> _TASK INSTRUCTIONS_
For this exercise, copy each line of the records that contains the word "November".

Web page caption snippets
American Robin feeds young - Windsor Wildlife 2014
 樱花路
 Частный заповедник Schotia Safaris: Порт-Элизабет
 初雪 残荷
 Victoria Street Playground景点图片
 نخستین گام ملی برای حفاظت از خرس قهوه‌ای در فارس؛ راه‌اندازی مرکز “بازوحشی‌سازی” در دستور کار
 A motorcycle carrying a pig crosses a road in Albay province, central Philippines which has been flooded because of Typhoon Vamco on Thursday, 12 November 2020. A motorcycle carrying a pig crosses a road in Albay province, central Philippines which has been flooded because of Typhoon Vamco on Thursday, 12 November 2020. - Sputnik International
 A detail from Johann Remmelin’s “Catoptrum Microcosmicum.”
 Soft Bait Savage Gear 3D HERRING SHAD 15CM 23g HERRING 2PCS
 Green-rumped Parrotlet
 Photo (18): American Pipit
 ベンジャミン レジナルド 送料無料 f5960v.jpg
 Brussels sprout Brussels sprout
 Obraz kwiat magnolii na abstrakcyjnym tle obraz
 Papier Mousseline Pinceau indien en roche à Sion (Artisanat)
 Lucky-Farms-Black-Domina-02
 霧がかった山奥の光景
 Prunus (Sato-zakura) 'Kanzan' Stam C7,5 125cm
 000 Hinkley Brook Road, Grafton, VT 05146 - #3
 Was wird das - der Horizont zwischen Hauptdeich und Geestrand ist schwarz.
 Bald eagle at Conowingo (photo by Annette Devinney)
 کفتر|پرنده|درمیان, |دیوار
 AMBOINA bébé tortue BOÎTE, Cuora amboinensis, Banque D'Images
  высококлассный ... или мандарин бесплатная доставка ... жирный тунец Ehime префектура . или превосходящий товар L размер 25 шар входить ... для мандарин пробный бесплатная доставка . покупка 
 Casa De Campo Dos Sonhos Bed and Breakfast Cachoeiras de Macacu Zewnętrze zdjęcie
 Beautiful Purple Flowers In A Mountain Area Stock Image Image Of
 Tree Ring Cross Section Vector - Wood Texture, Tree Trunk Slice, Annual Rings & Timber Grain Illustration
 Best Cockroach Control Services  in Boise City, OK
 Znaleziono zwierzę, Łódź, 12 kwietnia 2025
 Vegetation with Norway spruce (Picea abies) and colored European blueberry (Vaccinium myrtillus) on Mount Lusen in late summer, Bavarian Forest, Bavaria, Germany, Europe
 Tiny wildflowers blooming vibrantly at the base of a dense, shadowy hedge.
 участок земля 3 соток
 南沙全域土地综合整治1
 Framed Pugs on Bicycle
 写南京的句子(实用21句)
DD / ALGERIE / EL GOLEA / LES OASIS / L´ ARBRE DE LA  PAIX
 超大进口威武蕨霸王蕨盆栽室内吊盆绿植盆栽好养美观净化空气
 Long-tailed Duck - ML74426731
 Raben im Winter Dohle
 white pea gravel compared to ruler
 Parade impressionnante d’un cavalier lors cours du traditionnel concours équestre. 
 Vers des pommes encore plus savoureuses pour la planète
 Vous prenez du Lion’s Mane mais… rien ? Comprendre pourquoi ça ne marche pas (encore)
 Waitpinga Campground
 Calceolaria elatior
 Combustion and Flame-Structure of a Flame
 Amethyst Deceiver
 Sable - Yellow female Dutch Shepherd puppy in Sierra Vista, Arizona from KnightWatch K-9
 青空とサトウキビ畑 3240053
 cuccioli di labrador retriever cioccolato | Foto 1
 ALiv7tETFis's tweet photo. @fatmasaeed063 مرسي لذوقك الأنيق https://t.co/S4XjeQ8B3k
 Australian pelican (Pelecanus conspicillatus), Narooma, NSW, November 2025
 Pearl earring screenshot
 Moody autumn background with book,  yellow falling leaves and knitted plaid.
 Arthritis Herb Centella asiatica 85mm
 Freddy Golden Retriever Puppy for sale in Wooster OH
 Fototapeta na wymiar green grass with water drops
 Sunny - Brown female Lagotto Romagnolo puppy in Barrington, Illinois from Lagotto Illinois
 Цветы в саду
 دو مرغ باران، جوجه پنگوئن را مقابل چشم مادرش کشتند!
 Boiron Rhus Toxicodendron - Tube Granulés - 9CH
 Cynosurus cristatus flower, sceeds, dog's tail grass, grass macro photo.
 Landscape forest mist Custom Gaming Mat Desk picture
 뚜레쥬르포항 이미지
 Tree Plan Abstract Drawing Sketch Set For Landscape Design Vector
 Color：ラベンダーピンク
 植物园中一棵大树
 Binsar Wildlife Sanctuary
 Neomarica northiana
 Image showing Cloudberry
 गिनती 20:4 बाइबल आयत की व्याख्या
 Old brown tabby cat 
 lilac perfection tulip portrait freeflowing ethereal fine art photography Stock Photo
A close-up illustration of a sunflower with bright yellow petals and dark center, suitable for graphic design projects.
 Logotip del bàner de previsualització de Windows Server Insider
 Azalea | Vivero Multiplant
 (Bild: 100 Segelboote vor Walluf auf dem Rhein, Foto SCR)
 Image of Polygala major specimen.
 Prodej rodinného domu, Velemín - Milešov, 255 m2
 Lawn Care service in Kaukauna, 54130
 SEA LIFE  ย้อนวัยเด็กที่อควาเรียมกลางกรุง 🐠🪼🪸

> _RESPONSE TO THE TASK_
 A motorcycle carrying a pig crosses a road in Albay province, central Philippines which has been flooded because of Typhoon Vamco on Thursday, 12 November 2020. A motorcycle carrying a pig crosses a road in Albay province, central Philippines which has been flooded because of Typhoon Vamco on Thursday, 12 November 2020. - Sputnik International
 Australian pelican (Pelecanus conspicillatus), Narooma, NSW, November 2025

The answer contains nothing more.